You should definitely think about what you’re going to bring to the table. Think about what you can offer and what you can do to compliment what this person does. You can maybe have a few things prepared that are half done unless you’re a spontaneous writer. It’s important to compromise, but not to the point of compromising the integrity of the song.
You have your own publishing company, what led you to start that?
There was no need to start it until I had songs placed on commercial records. Once I had songs on records I started a publishing company to collect royalties.
Do you have a sub-publishing deal with a major publisher?
Yes, I’m currently with Sony ATV Music Publishing. The pros of that are that they can help you place your songs and they’ll give you an advance up front. They will of course administrate the publishing, which is something you won’t have time to do anyway. The cons… are that you’re giving away part of your publishing.
What has been the greatest moment of your music career so far?
The greatest moment of my music career so far is yet to come. So far I’ve been involved in three Grammies, but have never actually received one.
What do you see yourself doing in 5-10 years?

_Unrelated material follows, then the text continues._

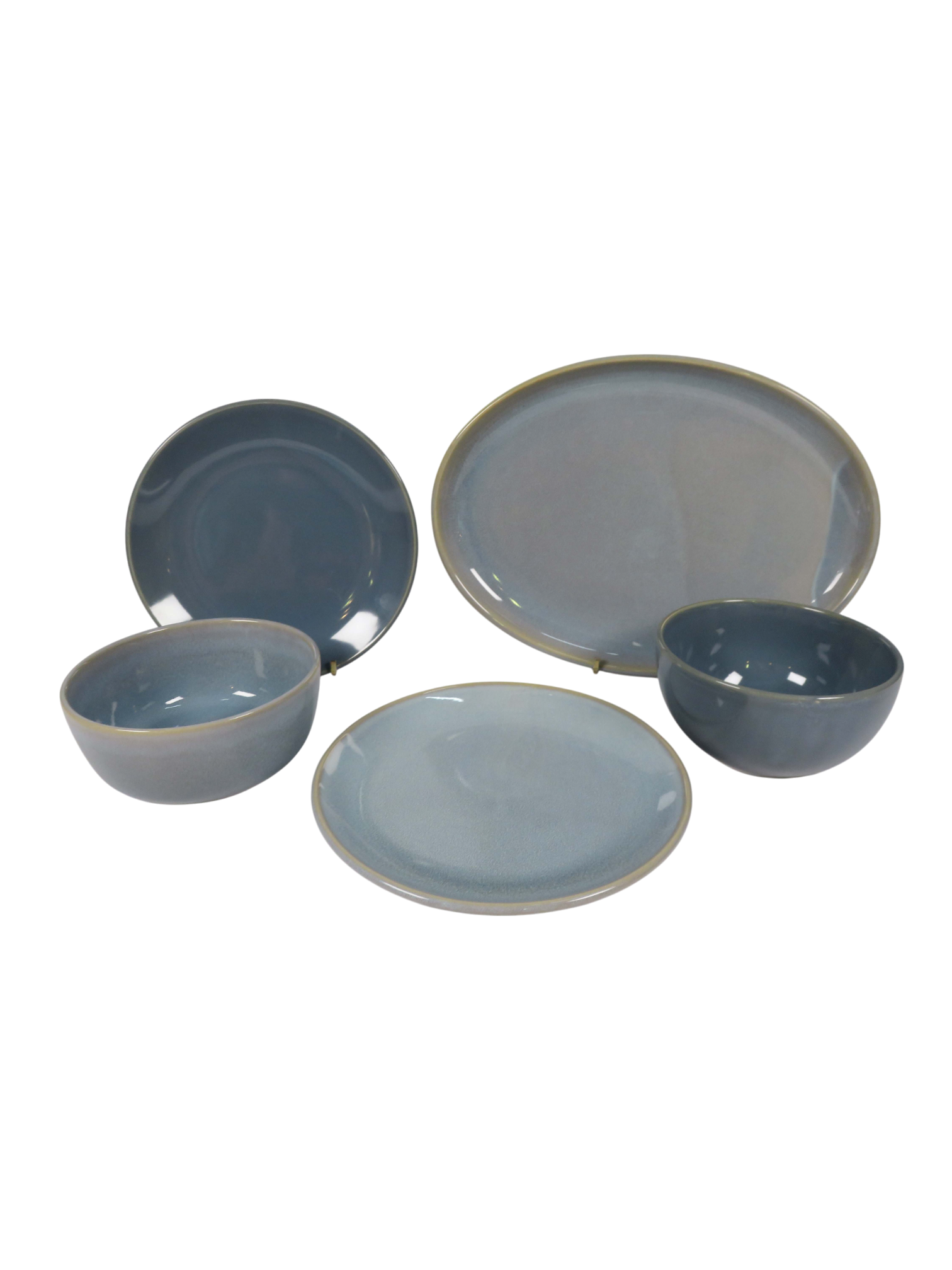 Renmark Reactive Glaze Dinner Set - Blue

I think I’ll still be producing and writing. I hope that our record company is further along and that we’ll have hits with our record company.
If you could dramatically change some aspect of the music industry, what would you do?
I would have people search for REAL talent! We all know that there are some things out there that are a bit lacking. And at the same time there are people out there that are incredible. It’s a tough job because real stars are really hard to find. Now that I have a record company I can see what labels go through to find the real deal.